**TASK GOAL:**
Give back exactly the lines that start at the one containing "2417 Noble Street - Photo Thumbnail 18" and run to the end of the material below, both ends included.
=== Section Start ===
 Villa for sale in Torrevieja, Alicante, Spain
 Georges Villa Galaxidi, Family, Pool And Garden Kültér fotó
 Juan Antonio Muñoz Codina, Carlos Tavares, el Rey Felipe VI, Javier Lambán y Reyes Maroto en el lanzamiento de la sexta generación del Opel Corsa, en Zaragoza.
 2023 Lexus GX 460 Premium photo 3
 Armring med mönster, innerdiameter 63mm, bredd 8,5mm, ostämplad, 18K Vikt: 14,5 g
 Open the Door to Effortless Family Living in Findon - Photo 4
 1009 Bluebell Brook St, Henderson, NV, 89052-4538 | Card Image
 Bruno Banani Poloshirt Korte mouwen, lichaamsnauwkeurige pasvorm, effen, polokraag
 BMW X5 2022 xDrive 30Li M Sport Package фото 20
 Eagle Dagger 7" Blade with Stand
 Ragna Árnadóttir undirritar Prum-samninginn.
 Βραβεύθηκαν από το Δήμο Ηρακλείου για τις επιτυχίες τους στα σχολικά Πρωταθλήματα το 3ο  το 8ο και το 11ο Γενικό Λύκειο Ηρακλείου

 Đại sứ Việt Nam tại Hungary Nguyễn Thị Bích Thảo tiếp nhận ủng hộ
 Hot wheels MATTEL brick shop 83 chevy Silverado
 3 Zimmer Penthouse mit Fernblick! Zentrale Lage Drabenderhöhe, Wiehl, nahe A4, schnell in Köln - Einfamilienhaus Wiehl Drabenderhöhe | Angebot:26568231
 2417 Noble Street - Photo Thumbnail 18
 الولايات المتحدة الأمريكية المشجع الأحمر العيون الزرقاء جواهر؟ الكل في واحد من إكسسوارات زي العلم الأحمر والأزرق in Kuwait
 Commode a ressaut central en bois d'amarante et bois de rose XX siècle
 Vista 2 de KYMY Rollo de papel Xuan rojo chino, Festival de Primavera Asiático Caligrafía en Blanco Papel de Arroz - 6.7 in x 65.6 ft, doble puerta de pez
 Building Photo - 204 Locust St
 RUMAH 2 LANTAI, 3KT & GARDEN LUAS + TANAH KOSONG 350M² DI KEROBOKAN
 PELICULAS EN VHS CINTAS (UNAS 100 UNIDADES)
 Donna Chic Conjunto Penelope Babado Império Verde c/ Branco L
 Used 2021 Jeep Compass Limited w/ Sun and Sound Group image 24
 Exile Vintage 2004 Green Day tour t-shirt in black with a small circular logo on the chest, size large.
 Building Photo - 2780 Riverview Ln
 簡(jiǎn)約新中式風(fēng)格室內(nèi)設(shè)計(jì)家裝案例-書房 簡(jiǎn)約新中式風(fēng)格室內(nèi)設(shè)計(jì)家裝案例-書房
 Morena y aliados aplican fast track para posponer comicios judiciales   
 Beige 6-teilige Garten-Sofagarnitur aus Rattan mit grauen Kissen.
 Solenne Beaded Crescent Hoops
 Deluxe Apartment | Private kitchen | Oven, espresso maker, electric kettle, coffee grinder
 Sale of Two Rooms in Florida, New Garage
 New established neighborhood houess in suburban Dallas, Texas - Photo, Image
=== Section End ===
**OUTPUT OF THE EXERCISE:**
 2417 Noble Street - Photo Thumbnail 18
 الولايات المتحدة الأمريكية المشجع الأحمر العيون الزرقاء جواهر؟ الكل في واحد من إكسسوارات زي العلم الأحمر والأزرق in Kuwait
 Commode a ressaut central en bois d'amarante et bois de rose XX siècle
 Vista 2 de KYMY Rollo de papel Xuan rojo chino, Festival de Primavera Asiático Caligrafía en Blanco Papel de Arroz - 6.7 in x 65.6 ft, doble puerta de pez
 Building Photo - 204 Locust St
 RUMAH 2 LANTAI, 3KT & GARDEN LUAS + TANAH KOSONG 350M² DI KEROBOKAN
 PELICULAS EN VHS CINTAS (UNAS 100 UNIDADES)
 Donna Chic Conjunto Penelope Babado Império Verde c/ Branco L
 Used 2021 Jeep Compass Limited w/ Sun and Sound Group image 24
 Exile Vintage 2004 Green Day tour t-shirt in black with a small circular logo on the chest, size large.
 Building Photo - 2780 Riverview Ln
 簡(jiǎn)約新中式風(fēng)格室內(nèi)設(shè)計(jì)家裝案例-書房 簡(jiǎn)約新中式風(fēng)格室內(nèi)設(shè)計(jì)家裝案例-書房
 Morena y aliados aplican fast track para posponer comicios judiciales   
 Beige 6-teilige Garten-Sofagarnitur aus Rattan mit grauen Kissen.
 Solenne Beaded Crescent Hoops
 Deluxe Apartment | Private kitchen | Oven, espresso maker, electric kettle, coffee grinder
 Sale of Two Rooms in Florida, New Garage
 New established neighborhood houess in suburban Dallas, Texas - Photo, Image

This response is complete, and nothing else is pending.